[THE PROBLEM] Copy exactly the lines of the data below, beginning with the line with "По видам применяемых" and ending with the line with "Third Wave Water". Pictures are to be omitted.

[PROVIDED MATERIAL]

= = = =

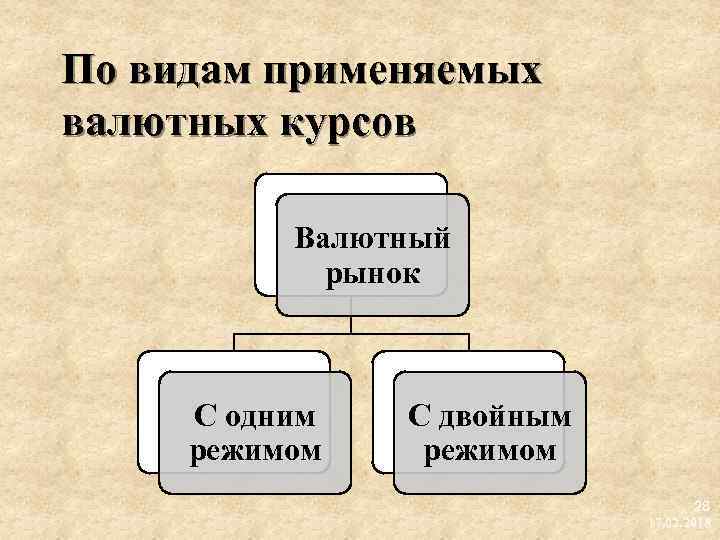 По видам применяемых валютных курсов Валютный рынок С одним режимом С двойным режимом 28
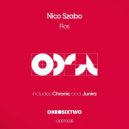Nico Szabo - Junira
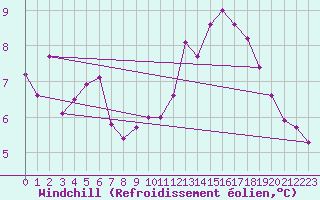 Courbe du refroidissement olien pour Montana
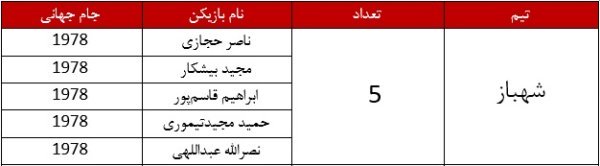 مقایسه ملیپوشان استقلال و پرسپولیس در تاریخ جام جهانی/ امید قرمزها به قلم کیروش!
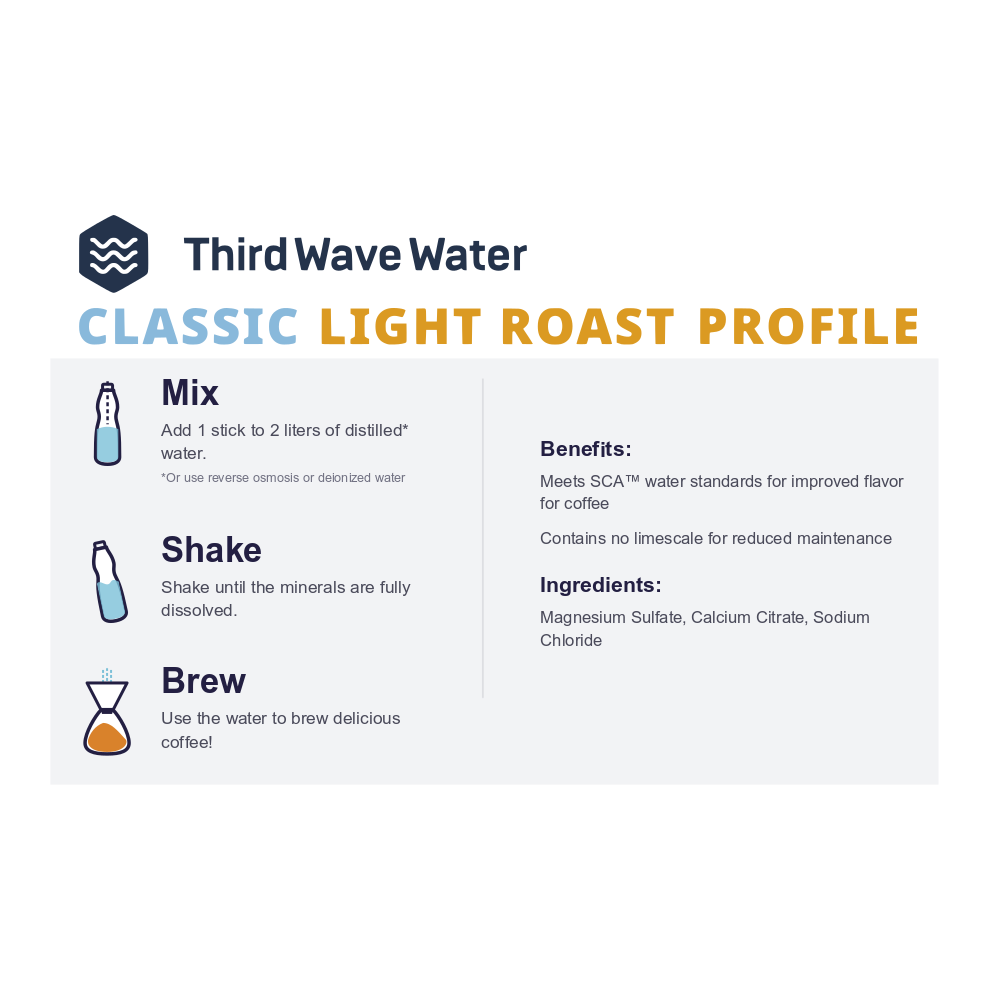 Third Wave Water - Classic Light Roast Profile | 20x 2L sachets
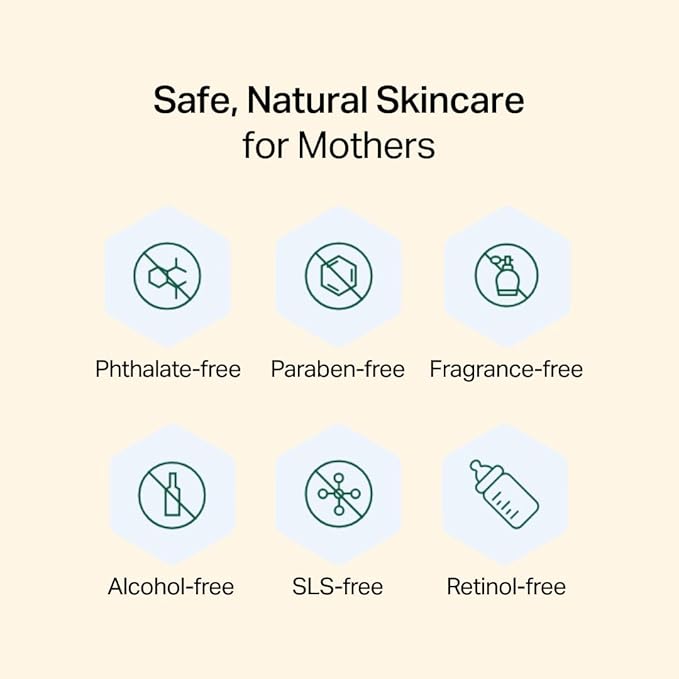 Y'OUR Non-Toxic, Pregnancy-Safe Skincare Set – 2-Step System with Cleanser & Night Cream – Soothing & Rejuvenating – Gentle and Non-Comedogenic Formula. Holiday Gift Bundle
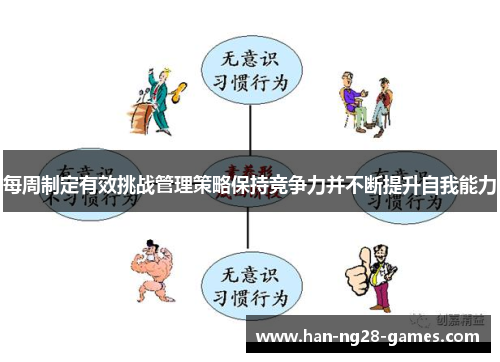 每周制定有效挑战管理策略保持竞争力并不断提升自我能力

= = = =

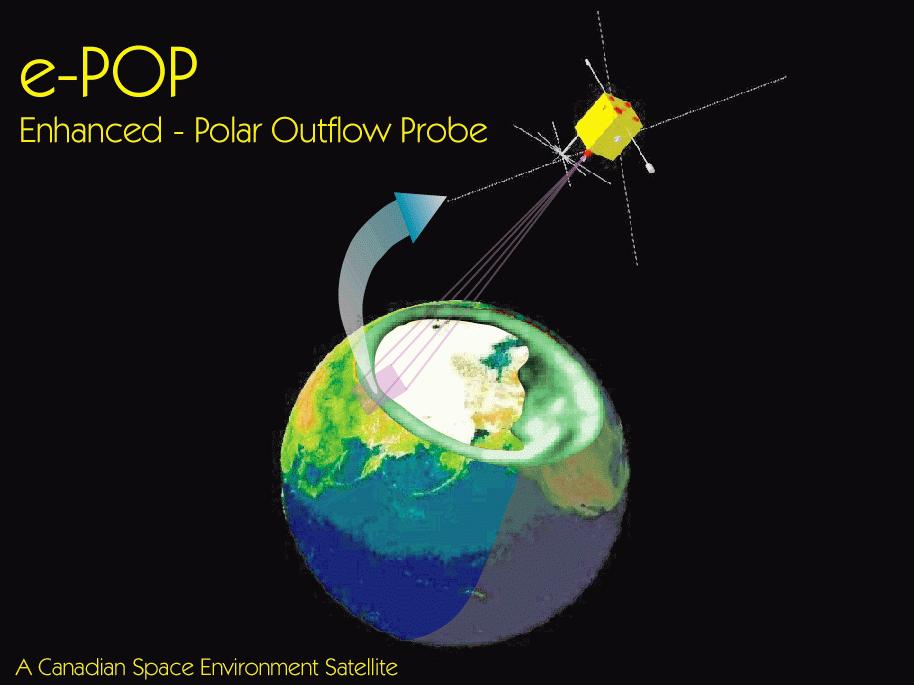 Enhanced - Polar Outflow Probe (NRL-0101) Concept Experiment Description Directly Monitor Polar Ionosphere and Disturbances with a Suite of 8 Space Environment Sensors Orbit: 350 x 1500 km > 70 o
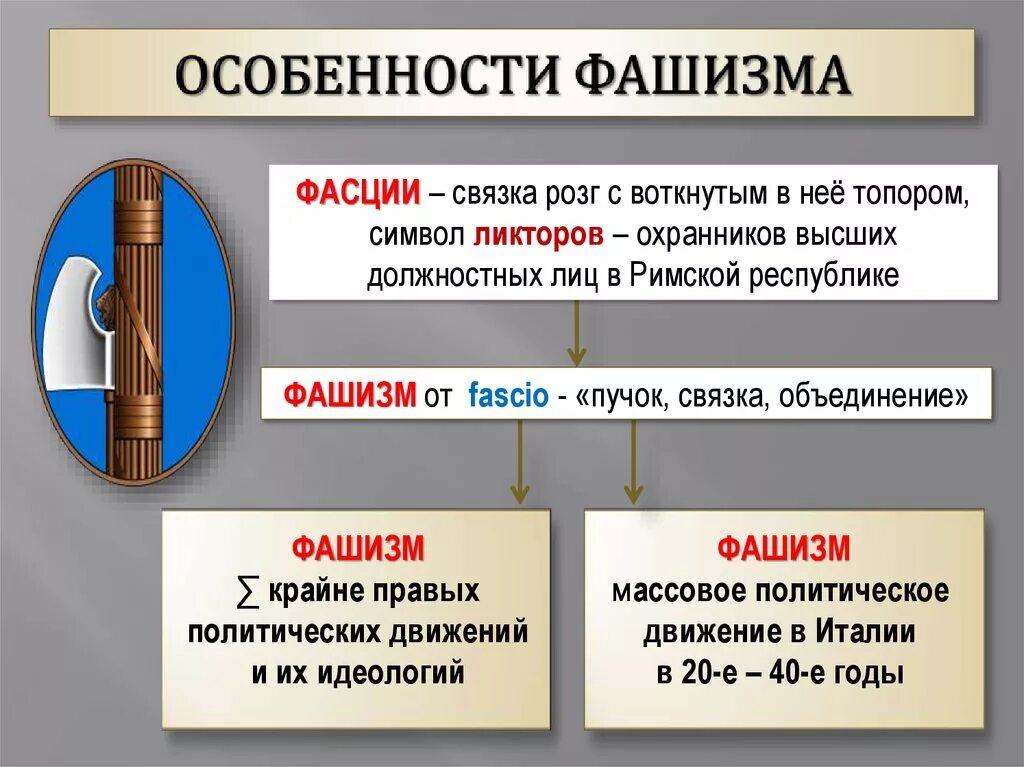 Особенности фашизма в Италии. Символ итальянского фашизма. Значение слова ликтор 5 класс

= = = =

[THE COMPLETED TASK]
 По видам применяемых валютных курсов Валютный рынок С одним режимом С двойным режимом 28
Nico Szabo - Junira
 Courbe du refroidissement olien pour Montana
 مقایسه ملیپوشان استقلال و پرسپولیس در تاریخ جام جهانی/ امید قرمزها به قلم کیروش!
 Third Wave Water - Classic Light Roast Profile | 20x 2L sachets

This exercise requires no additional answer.